Exercise objective
Each record below should be given again exactly as it reads.

(Records from a data source)
━━━━━━

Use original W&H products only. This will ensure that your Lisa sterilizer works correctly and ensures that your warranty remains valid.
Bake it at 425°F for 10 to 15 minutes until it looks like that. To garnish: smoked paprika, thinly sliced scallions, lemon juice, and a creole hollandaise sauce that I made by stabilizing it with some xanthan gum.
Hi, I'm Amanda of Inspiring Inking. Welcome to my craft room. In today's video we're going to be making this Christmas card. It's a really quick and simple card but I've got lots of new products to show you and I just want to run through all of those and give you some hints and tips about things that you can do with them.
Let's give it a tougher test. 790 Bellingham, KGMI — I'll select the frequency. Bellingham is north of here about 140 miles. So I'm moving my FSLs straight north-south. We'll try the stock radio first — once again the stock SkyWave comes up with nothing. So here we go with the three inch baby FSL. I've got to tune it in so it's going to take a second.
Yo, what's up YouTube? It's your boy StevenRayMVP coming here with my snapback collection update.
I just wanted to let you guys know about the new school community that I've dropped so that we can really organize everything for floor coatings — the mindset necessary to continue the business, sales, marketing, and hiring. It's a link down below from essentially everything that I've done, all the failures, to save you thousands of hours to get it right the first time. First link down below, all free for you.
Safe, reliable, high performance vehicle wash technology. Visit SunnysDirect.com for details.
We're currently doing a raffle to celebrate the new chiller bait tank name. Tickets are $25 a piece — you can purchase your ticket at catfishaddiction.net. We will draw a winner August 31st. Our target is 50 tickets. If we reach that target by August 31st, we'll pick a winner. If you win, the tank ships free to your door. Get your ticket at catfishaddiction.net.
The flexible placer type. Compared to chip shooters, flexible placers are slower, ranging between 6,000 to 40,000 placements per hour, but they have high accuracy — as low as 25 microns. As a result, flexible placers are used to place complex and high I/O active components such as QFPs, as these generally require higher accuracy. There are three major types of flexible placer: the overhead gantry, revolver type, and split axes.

━━━━━━

Solution for this task
Use original W&H products only. This will ensure that your Lisa sterilizer works correctly and ensures that your warranty remains valid.
Bake it at 425°F for 10 to 15 minutes until it looks like that. To garnish: smoked paprika, thinly sliced scallions, lemon juice, and a creole hollandaise sauce that I made by stabilizing it with some xanthan gum.
Hi, I'm Amanda of Inspiring Inking. Welcome to my craft room. In today's video we're going to be making this Christmas card. It's a really quick and simple card but I've got lots of new products to show you and I just want to run through all of those and give you some hints and tips about things that you can do with them.
Let's give it a tougher test. 790 Bellingham, KGMI — I'll select the frequency. Bellingham is north of here about 140 miles. So I'm moving my FSLs straight north-south. We'll try the stock radio first — once again the stock SkyWave comes up with nothing. So here we go with the three inch baby FSL. I've got to tune it in so it's going to take a second.
Yo, what's up YouTube? It's your boy StevenRayMVP coming here with my snapback collection update.
I just wanted to let you guys know about the new school community that I've dropped so that we can really organize everything for floor coatings — the mindset necessary to continue the business, sales, marketing, and hiring. It's a link down below from essentially everything that I've done, all the failures, to save you thousands of hours to get it right the first time. First link down below, all free for you.
Safe, reliable, high performance vehicle wash technology. Visit SunnysDirect.com for details.
We're currently doing a raffle to celebrate the new chiller bait tank name. Tickets are $25 a piece — you can purchase your ticket at catfishaddiction.net. We will draw a winner August 31st. Our target is 50 tickets. If we reach that target by August 31st, we'll pick a winner. If you win, the tank ships free to your door. Get your ticket at catfishaddiction.net.
The flexible placer type. Compared to chip shooters, flexible placers are slower, ranging between 6,000 to 40,000 placements per hour, but they have high accuracy — as low as 25 microns. As a result, flexible placers are used to place complex and high I/O active components such as QFPs, as these generally require higher accuracy. There are three major types of flexible placer: the overhead gantry, revolver type, and split axes.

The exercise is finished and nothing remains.